Search code examples
jsonjqcounter

Counting instances of a value using jq


I'm trying to use jq to parse the output of some tool. Specifically I'm looking for a count of various HTTP status codes in the output json. I.e. something like

jq -c '. | <filter>' test.json
{200: 1, 301: 1, 403: 1}

from the following input json

#test.json
[
    {
        "content-length": 45,
        "path": "/foo",
        "redirect": null,
        "status": 200
    },
    {
        "content-length": 40,
        "path": "/bar",
        "redirect": null,
        "status": 301
    },
    {
        "content-length": 1150,
        "path": "/baz",
        "redirect": null,
        "status": 403
    }
]

I could just loop through in bash with something like

$ for i in 200 301 403; do echo -n $i "    "; jq '[.[] | select(.status | tostring =="'$i'")] | length' test.json ; done
200     1
301     1
403     1

but that seems inefficient. Trying to loop in jq feels like the better way to go, but the actual syntax to do it is a bit beyond me.
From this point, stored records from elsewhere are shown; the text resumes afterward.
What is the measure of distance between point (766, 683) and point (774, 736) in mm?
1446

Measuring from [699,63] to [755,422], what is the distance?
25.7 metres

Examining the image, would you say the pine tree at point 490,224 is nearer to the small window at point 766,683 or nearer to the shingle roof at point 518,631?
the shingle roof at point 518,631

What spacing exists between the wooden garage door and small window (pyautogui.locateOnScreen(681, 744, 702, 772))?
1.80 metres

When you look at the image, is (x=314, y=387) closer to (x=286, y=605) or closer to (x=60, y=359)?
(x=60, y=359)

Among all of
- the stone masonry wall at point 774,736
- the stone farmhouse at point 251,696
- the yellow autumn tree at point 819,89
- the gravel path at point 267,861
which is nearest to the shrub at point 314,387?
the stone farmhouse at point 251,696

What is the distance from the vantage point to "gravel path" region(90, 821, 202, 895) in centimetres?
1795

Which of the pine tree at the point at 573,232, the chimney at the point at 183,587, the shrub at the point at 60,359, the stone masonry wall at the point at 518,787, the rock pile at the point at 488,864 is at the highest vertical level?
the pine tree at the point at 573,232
I haven't had any luck finding exapmples, and I haven't had any luck trying to interpret the man pages

$ jq '[200, 301, 403] as $s | {$s: [.[] | select(.status == $s)] | length}' test.json 
jq: error: syntax error, unexpected ':', expecting '}' (Unix shell quoting issues?) at <top-level>, line 1:
[200, 301, 403] as $s | {$s: [.[] | select(.status == $s)] | length}                           
jq: error: May need parentheses around object key expression at <top-level>, line 1:
[200, 301, 403] as $s | {$s: [.[] | select(.status == $s)] | length}                         
jq: 2 compile errors

The python equivalent to what I want to do, in case that's clearer, is

import json
from collections import Counter
dat = json.load(open("test.json"))
print(Counter(d["status"] for d in dat))'
# Counter({200: 1, 301: 1, 403: 1})

Solution

  • This works:

    reduce .[] as $row ({}; .[$row.status | tostring] += 1)
    

    The trick is realizing that you never really wanted select in the first place, that's a relic of the "bash is looping and deciding what status I'm looking for" way of working. tostring is because jq objects can't have numbers as keys, only strings.